Siapa yang melanggar PPKM harus dihukum dengan indikator konteks sosial yang maton. Penerapan sanksi kepada pelanggar prokes harus dibarengi kesediaan kebutuhan hidup oleh negara. Vaksinasi yang dipergilirkan merupakan cahaya kehidupan, apalagi dengan dukungan fatwa halal dari MUI segala. Hanya saja kejanggalan demi kejanggalan terus bergulir menjadi keganjilan. Di gedung-gedung pemerintahan ramai dibicarakan tentang PPKM yang efektif, padahal kepala daerah punya gaya sendiri-sendiri. Terdapat pula pemandangan yang menggangu mata rakyat. Ada korupsi dana bansos besar-besaran, lonjakan angka kemiskinan akibat PHK, pengangguran yang menggelombang, aksi mafia tahu tempe, gelandangan, penggusuran, dan bencana hidrometeorologi yang berkelanjutan. Penerapan sanksi PPKM harus menjamin kesehatan publik.
Atas kondisi ini saya menikmati elegi pada novel A Confession karya Leo Tolstoy yang terbit 1882. Dia merilis: “Menjadi jelas untuk mengatakan, di ruang dan waktu tanpa batas, semuanya berkembang menjadi lebih sempurna dan semakin sempurna adalah berbeda”. Perlu perbedaan perlakuan meski di zona PPKM yang sama karena berlainan kondisinya.
Ingatlah Ketaatan Don Quixote
Dalam hal ini saya pun terhanyut dalam kebenaran yang diunggah oleh Don Quixote, tokoh sentral dalam novel besutan penyair top Spanyol, Miguel de Cervantes Saavedra (1547-1616). Don Kisot merupakan cerita kesatria kesiangan yang mampu menyihir pembacanya untuk percaya kepada seluruh imajinasinya. Jadi dia hanya berimajinasi seolah dirinya kesatria sejati. Novel Don Quixote de la Mancha seperti kitab yang membius dunia dan telah dibaca ratusan juta atau kini bermilyar khalayak sejak terbit perdana tahun 1605. Don Quixote seolah berkhotbah dengan penuh wibawa: “Kau tahu apa tentang kesatria dan prajurit? Bagi seseorang yang mematuhi hukum kesatriaan tak perlu memperhatikan hukum yang lain”.
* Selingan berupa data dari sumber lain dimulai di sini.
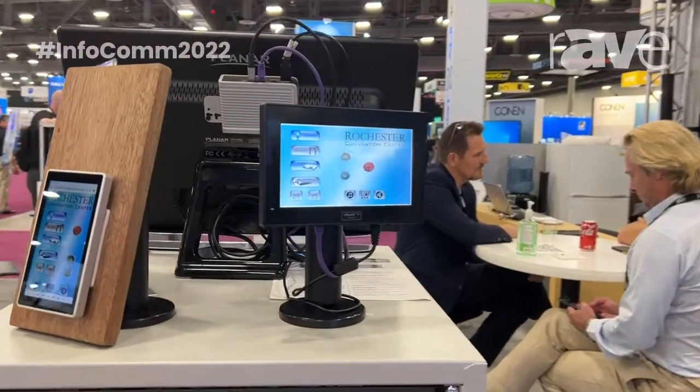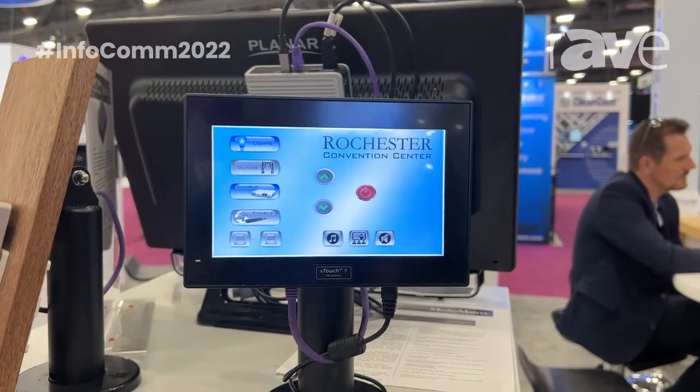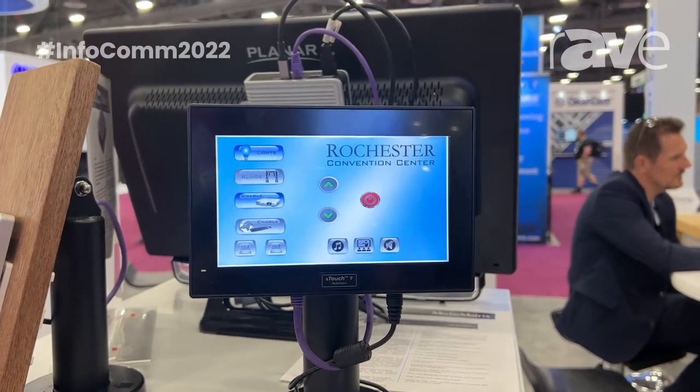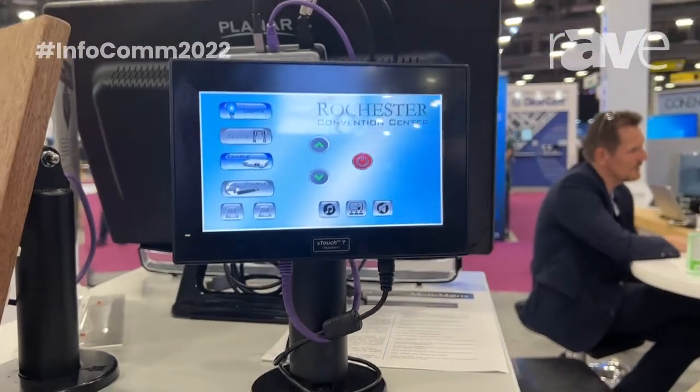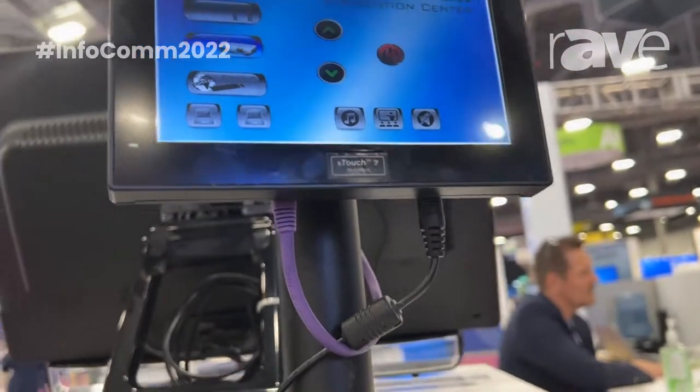What you're seeing is the S-Touch 7. It is a 7-inch diagonal touchscreen control processor. It has all the rock-solid control processing you need on board, including connectivity for USB, on-board storage, and works natively within Ware, as well as being a control processor as a standalone item.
Jadi siapa saja yang memanggul nilai kesatria sedasar dengan PPKM ini tidaklah perlu berdebat lagi soal Covid-19 maupun kehalalan vaksin. Tidak pula terhadap atribut sanksi yang melekat pada kebijakan PPKM. Seluruh elemen bangsa harus ambil bagian untuk segera menyirnakan Covid-19 secara serentak. Langkah ini diambil karena jangan mengira bahwa seluruh penduduk telah menyadarinya. Adakah PPKM ini akan jitu hasilnya? Saya mengajak mengeja kembali keluhuran tata kelola negara. Tugas utama negara yang telah dituangkan dalam UUD 1945 pada tanggal 18 Agustus 1945 sangatlah komprehensif dengan pesan moral hukum yang paripurna. Jiwa kebatinan itu selaksa endapkan nilai-nilai pada PPKM. Berpikir positif saja senafas dengan pesan Nagara Krtagama karya suprematif Mpu Prapanca (1365) yang tertera di awal tulisan. Makna narasi itu adalah “agar penguasa memiliki darma menyelenggarakan pembahagiaan hati rakyatnya, agar mereka dapat berkata: hilanglah segala kesedihan karena dianugrahi kesejahteraan oleh Sang Raja”. Meski demikian, bagi rakyat vaksinasi adalah kado yang diliputi tanda tanya di kala pandemi, tetapi penyemangat duka cita jua saat bencana.